Staff

Interim Executive Director: Dustin Warford

Dustin Warford is the Montana Dinosaur Center’s Interim Director, a role he appeared to step into with the same calm energy he brings to everything else. One moment he was quietly doing his work, and the next he was the guy everyone asked for decisions. No one questioned it. It simply felt correct, like gravity or coffee being important.

He has a reputation for navigating field seasons, museum projects, and the occasional fossil-related surprise with steady practicality. Staff say he can spot a mislabeled specimen faster than most people can find their car keys, and he rarely looks rattled even when the universe throws him the kind of curveballs only a rural museum can produce.

Visitors tend to assume he’s someone reliable to ask for directions, and they’re usually right. Whether he’s coordinating dig logistics or explaining why dinosaurs continue to capture people’s imagination, he tends to give answers that make everything seem more manageable.

If you catch sight of him during a busy summer day, you’ll notice he moves with the quiet purpose of someone who knows what needs doing and just gets on with it. Hand him a cup of coffee, though, and you might even get a story out of him.

Bryce Cassiano

Fossil Prep Specialist. Lab Dweller. Person Most Likely to Be Found Mid-Project.

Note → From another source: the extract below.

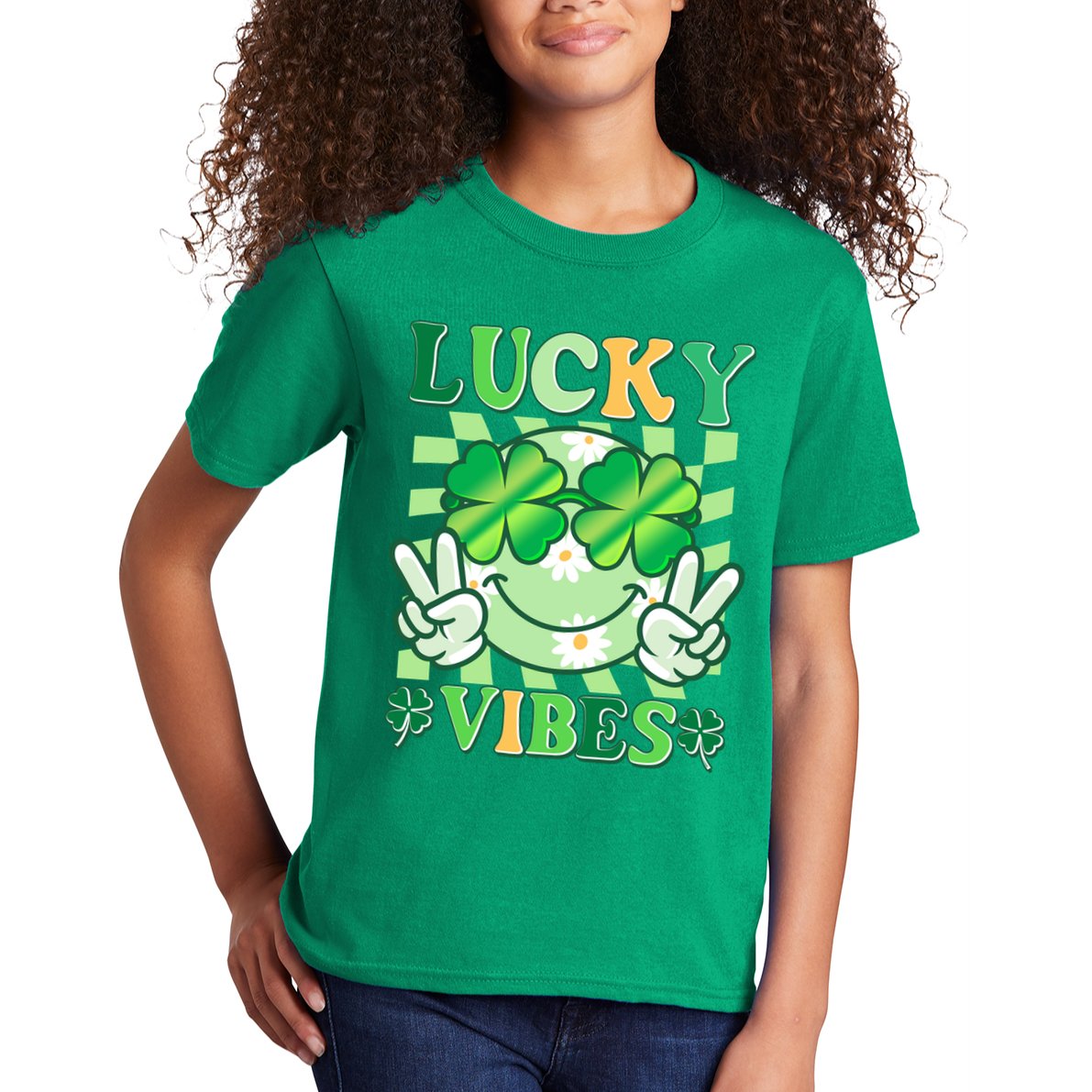 Retro St Patricks Day Lucky Vibes Peace Smiley Emoji Kids T-Shirt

Bryce Cassiano is the Montana Dinosaur Center’s resident prep specialist, known for working with the kind of quiet focus usually reserved for watchmakers and people defusing imaginary bombs. He can spend hours in the prep lab removing stubborn matrix from bone without losing patience, which has led some staff to suspect he runs on a different internal clock than the rest of the human population. Ask him what he’s working on and you’ll usually get a clear, practical explanation accompanied by a gesture toward a specimen that still looks like a pile of rock to everyone else. Catch him outside the lab, though, and you might witness a rare phenomenon: Bryce blinking at sunlight like he’s just stepped out of a time machine.

Andy Rich

Andy Rich holding a fossil

Field Instructor. Fossil Hunter. Social Media Jester.

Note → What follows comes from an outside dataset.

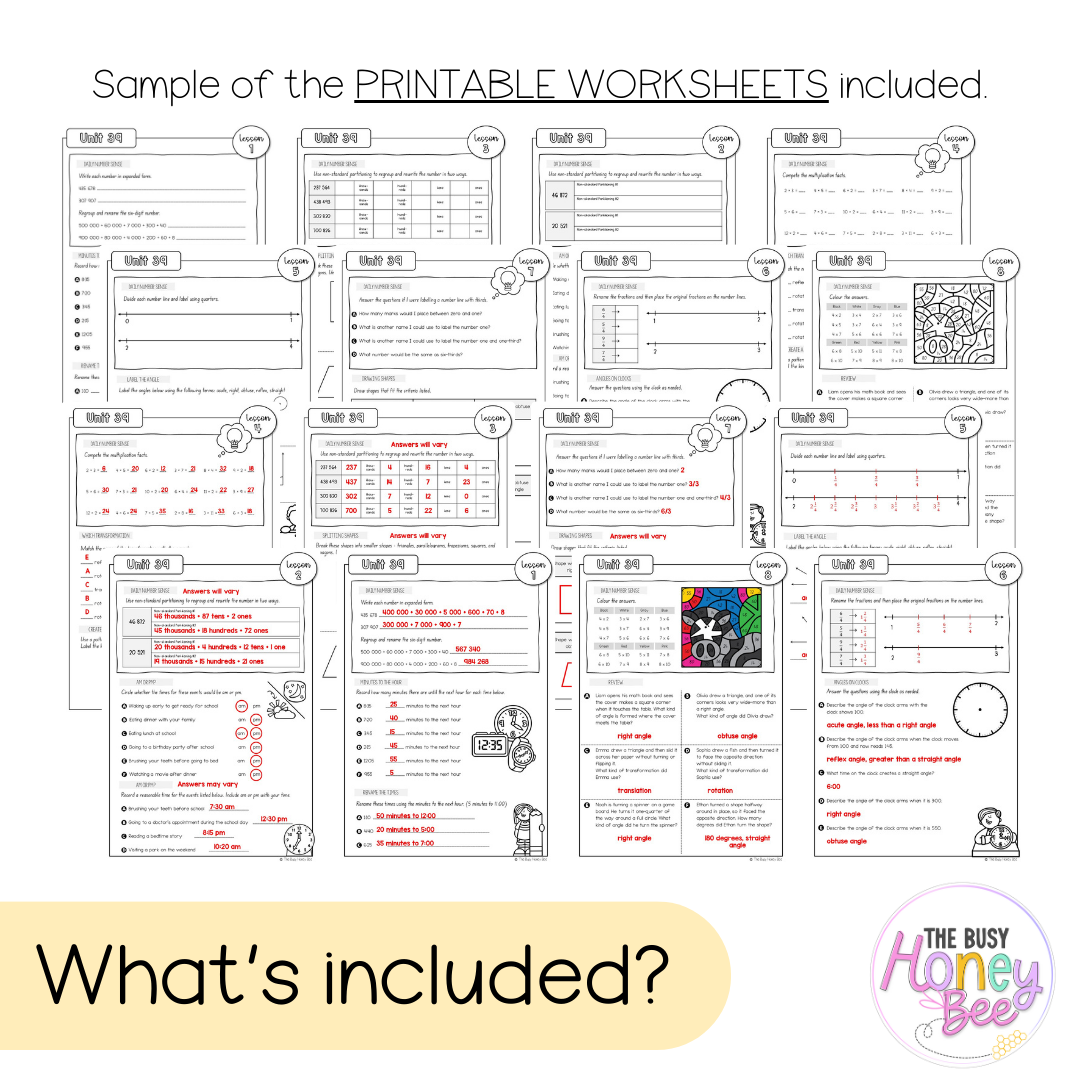 Stage 2 Year B NSW Maths Worksheets Unit 39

Andy Rich is The Montana Dinosaur Center’s dependable field instructor, known for having an almost uncanny ability to teach complex topics while keeping it fun the whole time. He can remain engaging with groups while contorted into a pretzel, working on hard to reach fossils. Visitors are never shocked to learn about his theatrical training. When he isn’t in the field, he can be found managing posts for social media, docenting for guests, working in the fossil prep lab, and/or researching fossils.

Published Works

Bret Potter

Collections Wrangler. Exhibit Whisperer. Keeper of the Mysterious Back Rooms.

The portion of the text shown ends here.